Still, games like Wednesday night's contest at Stanford can serve as a useful guide of where the team is and what it needs to do to get better. Tipoff is 7 p.m. and the game will be televised on Pac-12 Networks and broadcast on 770 AM KTHH.
The game is one of three Seattle U. will play from teams that are in so-called "major" conferences. Seattle U. has already played one — an 83-43 loss at Virginia on Nov. 17. The other comes Dec. 13 when the Redhawks host Washington at KeyArena.
The Redhawks fell down early at Virginia and could never recover, suffering what is their only loss so far. Seattle U. is 2-1, having beaten Montana State and Pacific Lutheran at home, the latter a 58-49 victory last Wednesday.
Dollar said the experience of the Virginia trip and then having come back to beat PLU should have his team better prepared for the visit to Stanford.

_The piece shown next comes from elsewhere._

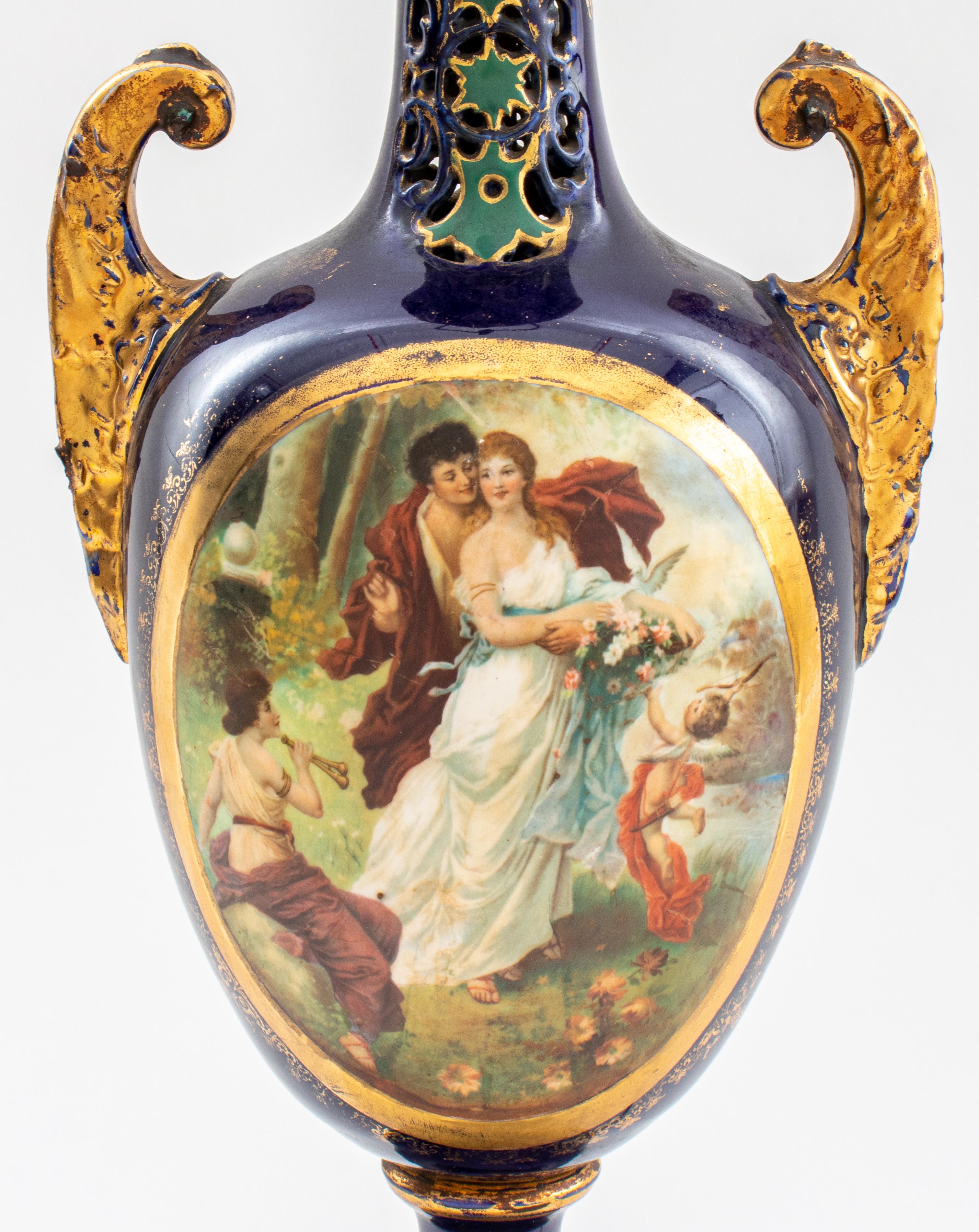 Sevres Style Vase Mounted as a Lamp 4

"We are still in the process of feeling out who we are and what we need to do to be successful in conference," he said. "But for sure, it's always a litmus test to see where you are at going on the road. And this is probably more of a litmus test of how we will fare this time after getting the first one out of the way and then going and playing arguably a better team, and to see how we handle that."
Dollar says he's been pleased with the team's defense and rebounding but that "we're still kind of finding our way offensively, not only shooting but just turnovers. A lot of that is probably the combination of new sets and new offense and guys getting comfortable in that transition of stepping up and being counted on to score more, especially early in the season."
Indeed, one of the big questions for Seattle U. this year was how it would replace the production of Aaron Broussard, who led the team in scoring last year at 18.2 points per game.
Junior Clarence Trent is the leading scorer through three games at 12.3 followed by redshirt freshman forward Deshaun Sunderhaus at 10.7. The Redhawks, though, are shooting just 37.2 percent from the field and 32.8 percent on three-pointers.
After the trip to Stanford, Seattle U. returns home for a game against Boise State at 2 p.m. Sunday at KeyArena.